▸ Supplied entries
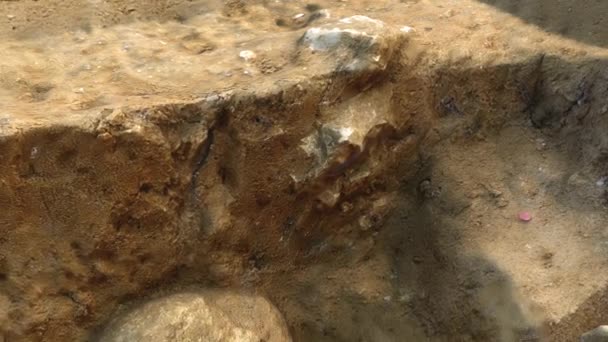 Excavación Arqueológica Con Restos Humanos — Vídeos de Stock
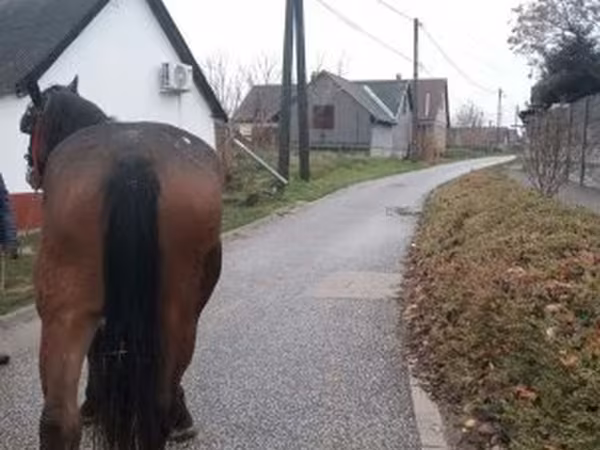 Kanca, Lovak — Magyarország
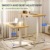 FLEXISPOT Höhenverstellbarer Schreibtisch Basic 160 x 80 cm Elektrisch, FSC-Zertifiziert, 2-Fach-Teleskop - Ergonomisches Sitz-Stehpult mit Tischplatte (Weiß Gestell, Ahorn) - 3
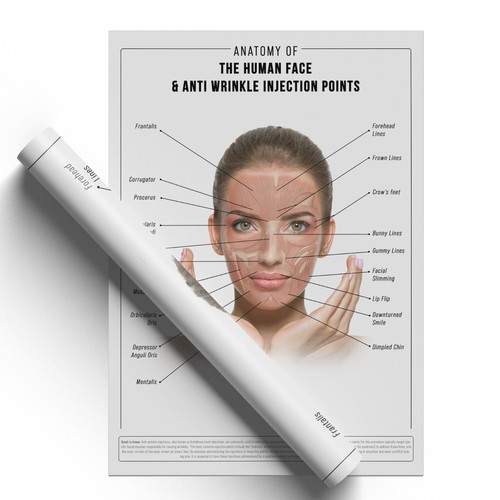 ANTI WRINKLE FACE ANATOMY DETAILED SKINCARE EDUCATIONAL POSTER PRINT A5-A1 - Picture 4 of 9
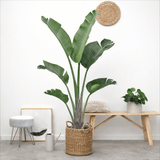 Product afbeelding 1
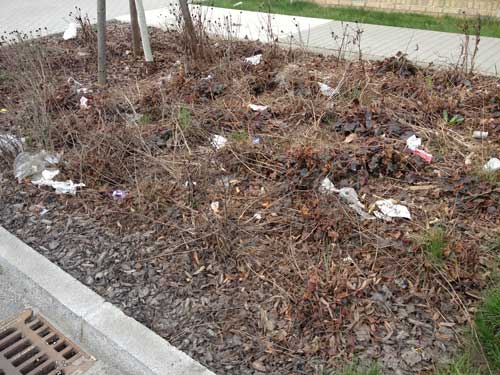 Foto von einer bepflanzen Fläche mit vertrockneten Blumen und Müll.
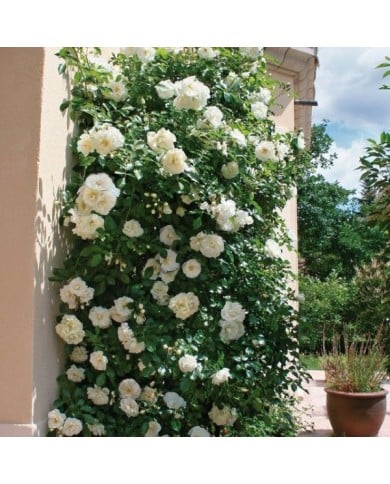 Décorosier grimpant Opalia® (Décorosier)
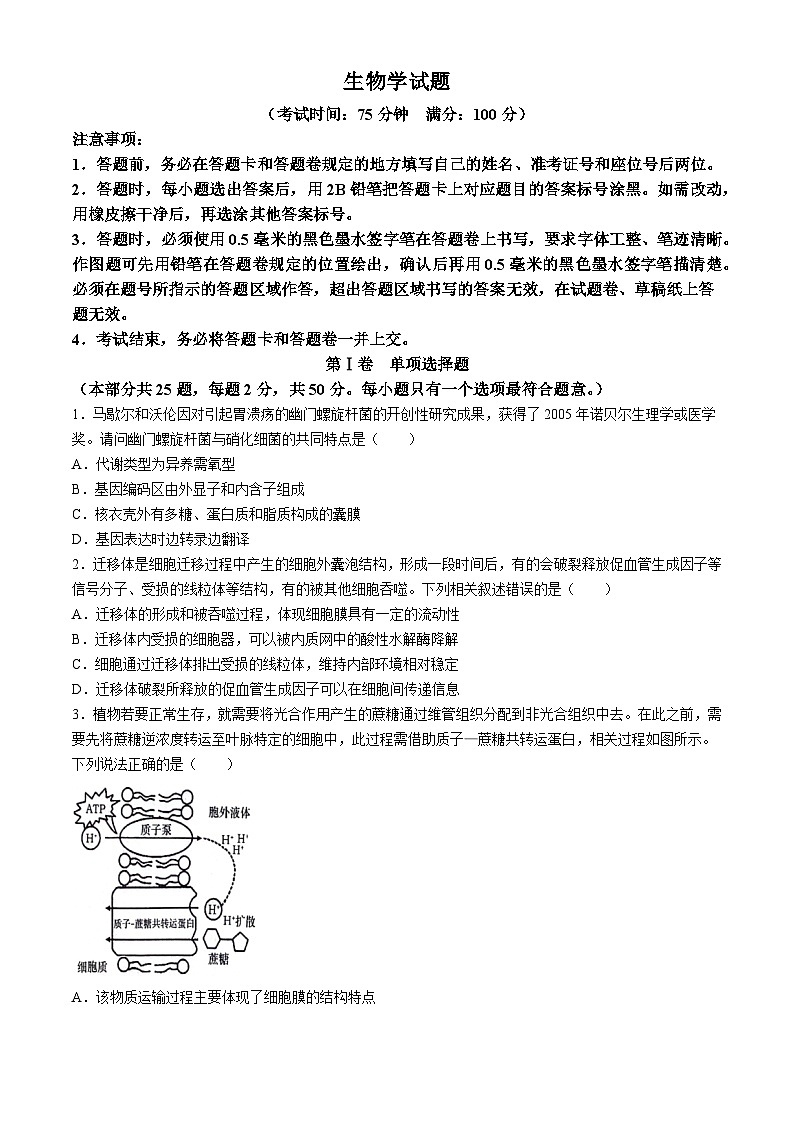 安徽省省十联考2023-2024学年高二下学期7月期末生物试题01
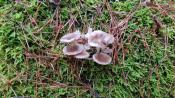 Pilze 1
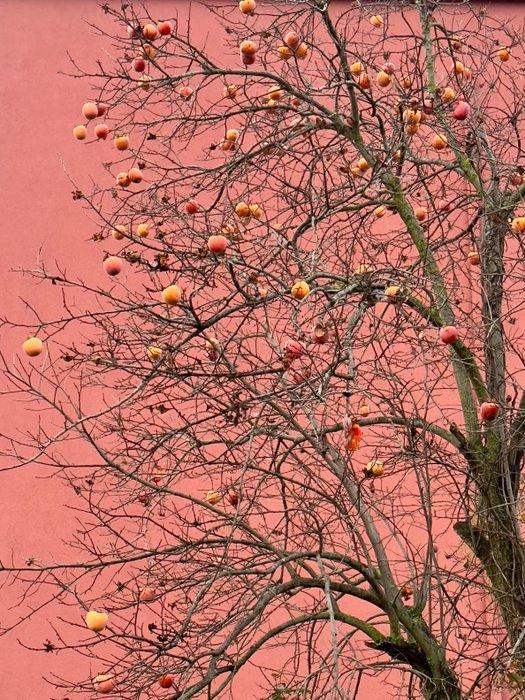 Anna Marzia Soria - Autumn in love, Antiek en Kunst, Kunst | Designobjecten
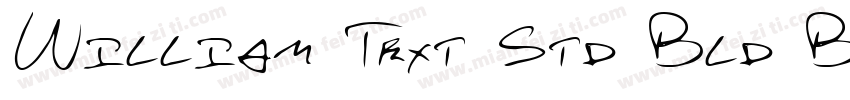 William Text Std Bld Bold字体转换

▸ Work to be completed
All that is required is an exact reproduction of the lines from the one containing "Foto von einer" to the final line of the listing above, pictures omitted.

▸ Reply to the exercise
 Foto von einer bepflanzen Fläche mit vertrockneten Blumen und Müll.
 Décorosier grimpant Opalia® (Décorosier)
 安徽省省十联考2023-2024学年高二下学期7月期末生物试题01
 Pilze 1
 Anna Marzia Soria - Autumn in love, Antiek en Kunst, Kunst | Designobjecten
 William Text Std Bld Bold字体转换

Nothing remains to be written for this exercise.